Graham Foust was born in Knoxville, Tennessee, raised in Eau Claire, Wisconsin, and has lived as an adult in western New York, Iowa and Oakland. His poetry partakes of this collective American imaginary and its terse vernacular style:
Full of noise and lust, they fled
the city for the shore. It was four
in the upcoming morning. Everyone
slobbered; somebody drove.
Another thirst begun, they had their beer
in cans in bags; their hands, their feet
in frigid sand; their eardrums–make that
their headaches–sewn with ocean.
They’d never seen a moon so willful,
so scissory, never heard the dark water
rearrange so clumsily. Crowded future,
dingy beach. They scratched the air;
they burned and buried things.
They were the fruit they couldn’t reach.
This poem, "Their Early Twenties," is from Foust’s new book, A Mouth in California, and it bears some earmarks of country (and rock) lyrics: drinking, driving and longing. It’s also made of fourteen lines and rhymes faster than its loose tetrameter lawfully permits. (Even a loose meter, the poem shows us, functions exactly as the speed limit rhymes want to surpass.) Fourteen lines, a scumbled final couplet–a sonnet, really. And "sonnet" is just an old word for song.

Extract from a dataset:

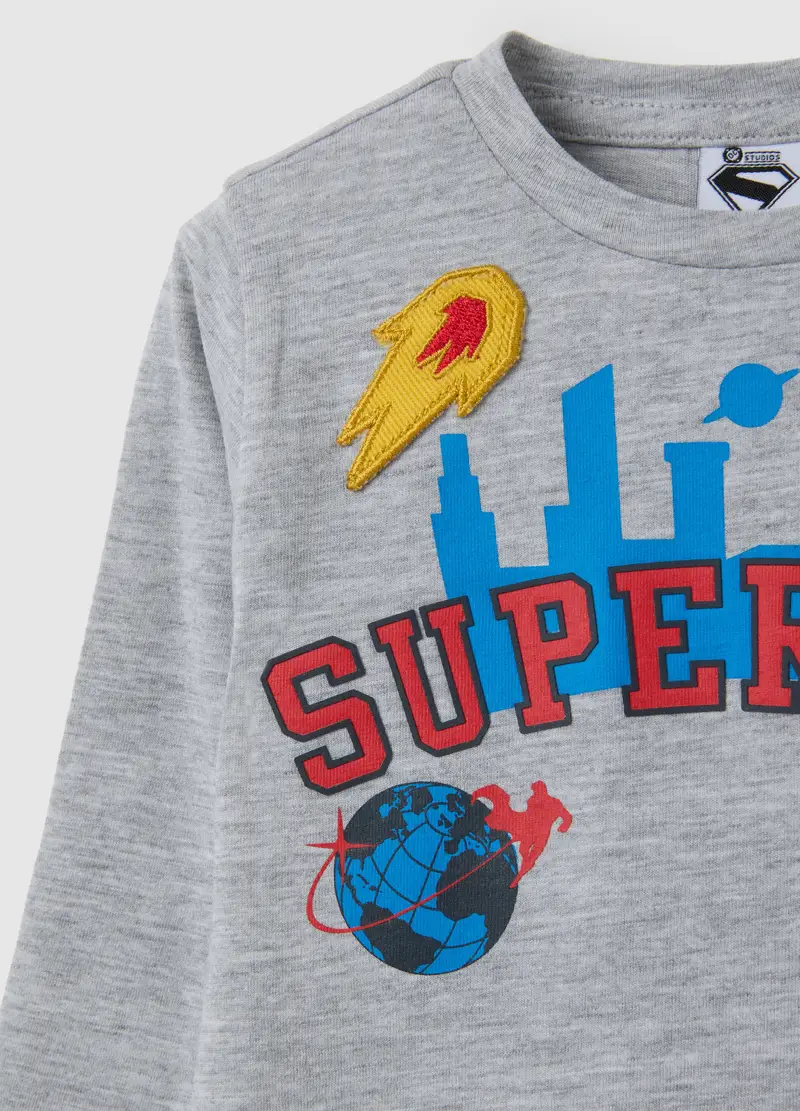 OVS, Maglia Da Bambino In Cotone Grigia Con Superman, Grigio, Taglia: 9-12 miniatura 2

As a form, the sonnet is pithy and strict, but compared with the poems in Foust’s previous three books, "Their Early Twenties" is positively wordy. Here’s "Night Train," from his debut book, As in Every Deafness (2003):
creased, the darkness seems
in one of those houses
A hundred classic songs–from "I’m So Lonesome I Could Cry" to "Night Moves" to "Helpless" to "In the Early Morning Rain"–haunt this fragment. It’s an ode to American male vagabondage, a manifest destiny of freedom and nostalgia. Freedom to wander the tracks or the roads with a bottle (Night Train is a species of booze only winos and teenagers can stomach); nostalgia for the exile from a house and everything home represents. But the poem doesn’t ramble. It has a peculiarly American (if not Protestant) succinctness, its words like bits of scrap metal scrounged from spaces of intergalactic scarcity.
A Mouth in California is Foust’s fourth book in seven years. His first two books, As in Every Deafness and Leave the Room to Itself, featured poems (like "Night Train") that were formally so austere and so preoccupied with pain that they risked numbing the reader. (Or this reader, at least. For me, absence of a range of feeling in a book of poems seems more studied, not less.) Foust’s austerity made him hard to place aesthetically: he had studied at SUNY Buffalo, a haven in the 1980s and ’90s for poets enticed by the poststructural Language school, and his minimalism would have seemed at home there. But there was no radical indeterminacy in the work–his wrenched syntax was constrained by, and put in the service of, an afflicted soul that seemed apprenticed to the poems of Louise Glück more than those of Charles Bernstein. In his third book, Necessary Stranger (2007), Foust started winking at his own earnestness: for one thing, the volume opened with the trio of poems "1984," "Jump" and "Panama"–all titles of Van Halen hits from the band’s heyday. The wit was a relief from the pressure of his condensery.